Extracted records:
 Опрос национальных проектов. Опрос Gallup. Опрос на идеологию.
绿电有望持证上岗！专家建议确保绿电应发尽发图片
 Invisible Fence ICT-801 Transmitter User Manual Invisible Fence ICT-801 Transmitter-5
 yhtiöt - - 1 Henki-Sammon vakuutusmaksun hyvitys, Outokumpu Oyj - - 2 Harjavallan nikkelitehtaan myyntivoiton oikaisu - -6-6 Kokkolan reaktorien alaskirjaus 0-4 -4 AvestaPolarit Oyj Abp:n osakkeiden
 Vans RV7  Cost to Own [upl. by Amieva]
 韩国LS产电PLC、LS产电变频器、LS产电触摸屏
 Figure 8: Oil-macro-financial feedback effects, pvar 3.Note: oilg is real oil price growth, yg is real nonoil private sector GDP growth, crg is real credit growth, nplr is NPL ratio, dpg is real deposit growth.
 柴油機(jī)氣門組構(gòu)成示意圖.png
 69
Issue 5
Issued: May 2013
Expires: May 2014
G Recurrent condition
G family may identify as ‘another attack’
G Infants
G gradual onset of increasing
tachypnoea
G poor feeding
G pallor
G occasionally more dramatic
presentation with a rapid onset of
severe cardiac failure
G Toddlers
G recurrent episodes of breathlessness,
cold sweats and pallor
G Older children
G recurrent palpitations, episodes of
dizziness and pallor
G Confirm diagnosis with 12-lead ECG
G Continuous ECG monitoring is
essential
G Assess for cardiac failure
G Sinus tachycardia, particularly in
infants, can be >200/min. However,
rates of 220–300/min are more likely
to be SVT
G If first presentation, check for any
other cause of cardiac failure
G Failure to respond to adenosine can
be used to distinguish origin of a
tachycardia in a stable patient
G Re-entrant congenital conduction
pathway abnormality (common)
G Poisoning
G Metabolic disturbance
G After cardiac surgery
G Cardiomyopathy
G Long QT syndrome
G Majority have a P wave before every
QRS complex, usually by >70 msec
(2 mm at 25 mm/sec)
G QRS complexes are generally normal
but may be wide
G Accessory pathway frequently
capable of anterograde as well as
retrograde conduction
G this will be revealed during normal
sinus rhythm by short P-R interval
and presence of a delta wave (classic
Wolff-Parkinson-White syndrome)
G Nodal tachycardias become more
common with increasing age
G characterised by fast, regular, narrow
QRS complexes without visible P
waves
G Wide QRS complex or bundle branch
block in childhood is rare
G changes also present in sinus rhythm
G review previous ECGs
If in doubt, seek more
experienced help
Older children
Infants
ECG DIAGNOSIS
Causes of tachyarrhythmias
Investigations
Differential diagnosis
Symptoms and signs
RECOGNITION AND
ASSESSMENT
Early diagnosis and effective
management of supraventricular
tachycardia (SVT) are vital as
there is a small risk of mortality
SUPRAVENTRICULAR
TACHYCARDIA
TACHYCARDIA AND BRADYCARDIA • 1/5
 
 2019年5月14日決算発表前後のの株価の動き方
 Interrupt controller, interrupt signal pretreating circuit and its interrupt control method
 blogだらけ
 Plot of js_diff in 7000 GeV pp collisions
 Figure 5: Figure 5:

Your instructions:
In the records above, find the line containing "G Assess for cardiac failure" and restate word for word every line from the first through that one.

Task solution:
 Опрос национальных проектов. Опрос Gallup. Опрос на идеологию.
绿电有望持证上岗！专家建议确保绿电应发尽发图片
 Invisible Fence ICT-801 Transmitter User Manual Invisible Fence ICT-801 Transmitter-5
 yhtiöt - - 1 Henki-Sammon vakuutusmaksun hyvitys, Outokumpu Oyj - - 2 Harjavallan nikkelitehtaan myyntivoiton oikaisu - -6-6 Kokkolan reaktorien alaskirjaus 0-4 -4 AvestaPolarit Oyj Abp:n osakkeiden
 Vans RV7  Cost to Own [upl. by Amieva]
 韩国LS产电PLC、LS产电变频器、LS产电触摸屏
 Figure 8: Oil-macro-financial feedback effects, pvar 3.Note: oilg is real oil price growth, yg is real nonoil private sector GDP growth, crg is real credit growth, nplr is NPL ratio, dpg is real deposit growth.
 柴油機(jī)氣門組構(gòu)成示意圖.png
 69
Issue 5
Issued: May 2013
Expires: May 2014
G Recurrent condition
G family may identify as ‘another attack’
G Infants
G gradual onset of increasing
tachypnoea
G poor feeding
G pallor
G occasionally more dramatic
presentation with a rapid onset of
severe cardiac failure
G Toddlers
G recurrent episodes of breathlessness,
cold sweats and pallor
G Older children
G recurrent palpitations, episodes of
dizziness and pallor
G Confirm diagnosis with 12-lead ECG
G Continuous ECG monitoring is
essential
G Assess for cardiac failure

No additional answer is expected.